[Collection entries]
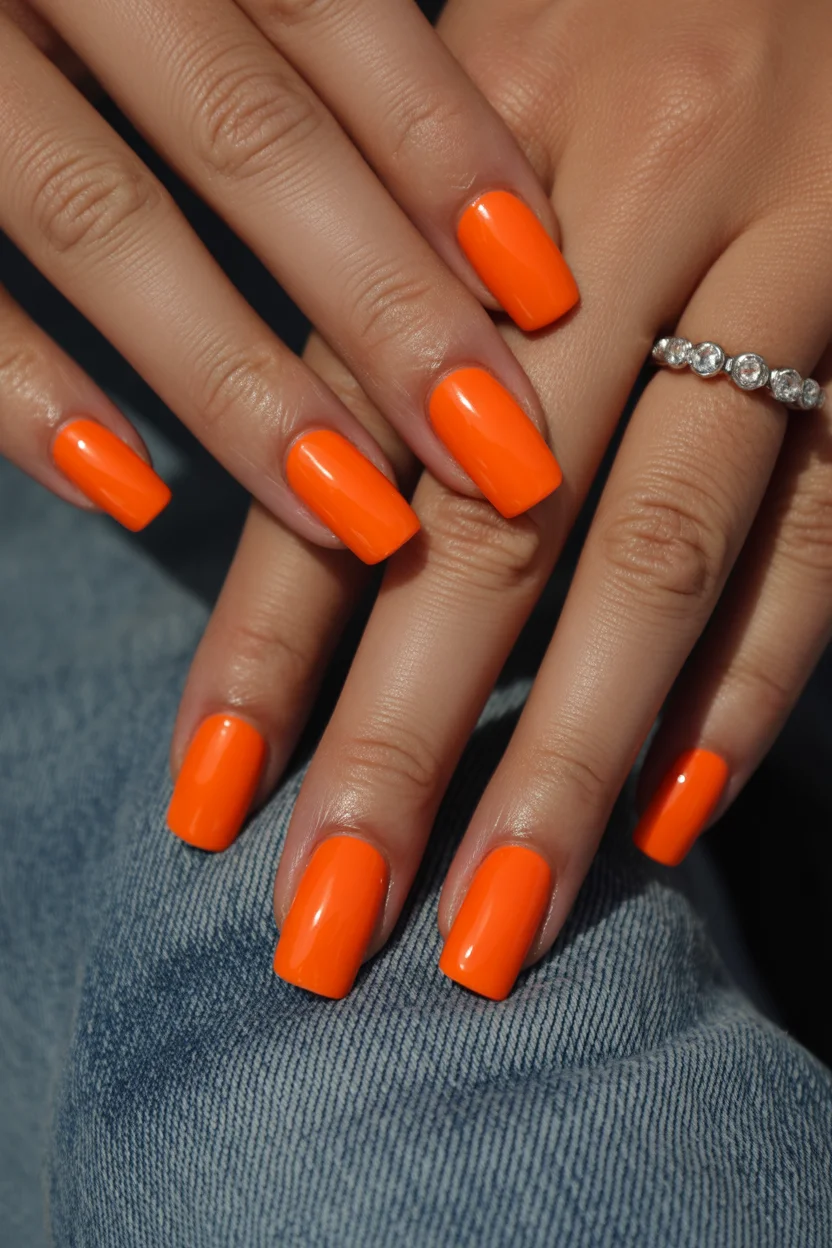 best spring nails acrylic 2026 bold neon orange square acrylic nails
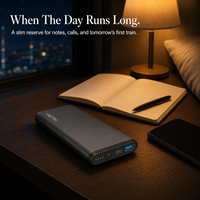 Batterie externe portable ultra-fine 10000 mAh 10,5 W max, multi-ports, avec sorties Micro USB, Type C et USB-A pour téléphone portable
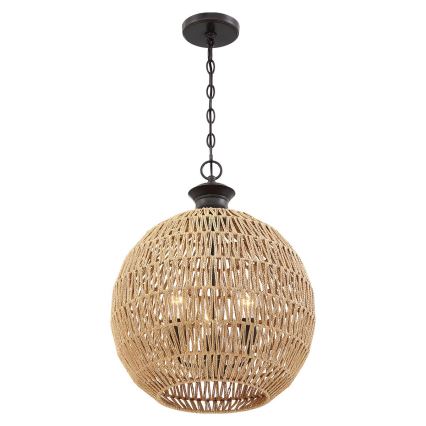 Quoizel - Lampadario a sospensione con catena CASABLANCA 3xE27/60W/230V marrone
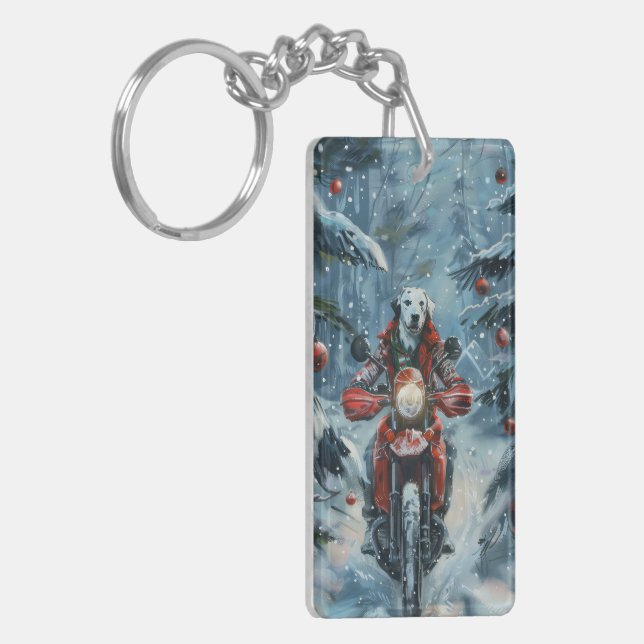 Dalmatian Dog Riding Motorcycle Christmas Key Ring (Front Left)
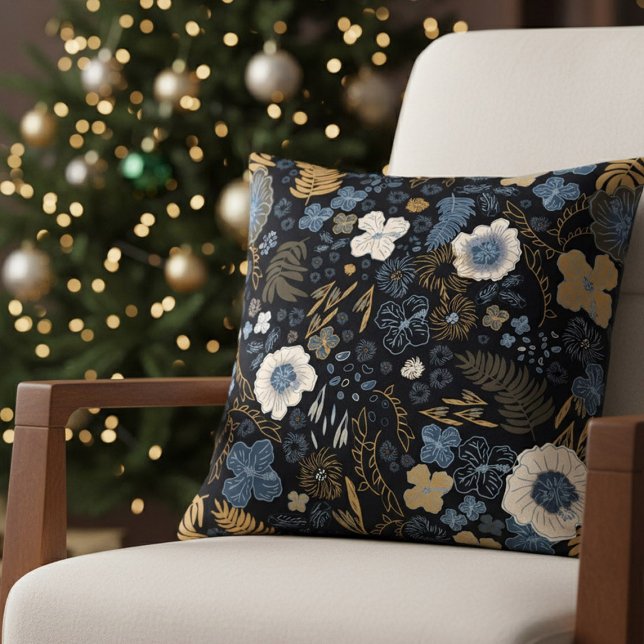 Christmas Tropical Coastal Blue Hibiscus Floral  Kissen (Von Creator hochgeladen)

● **What you need to do**
The answer must be an exact transcription of the lines from the one containing "Batterie externe portable" through the last line of the records above, both included, with no pictures.

● **Exercise output**
 Batterie externe portable ultra-fine 10000 mAh 10,5 W max, multi-ports, avec sorties Micro USB, Type C et USB-A pour téléphone portable
 Quoizel - Lampadario a sospensione con catena CASABLANCA 3xE27/60W/230V marrone
 Dalmatian Dog Riding Motorcycle Christmas Key Ring (Front Left)
 Christmas Tropical Coastal Blue Hibiscus Floral  Kissen (Von Creator hochgeladen)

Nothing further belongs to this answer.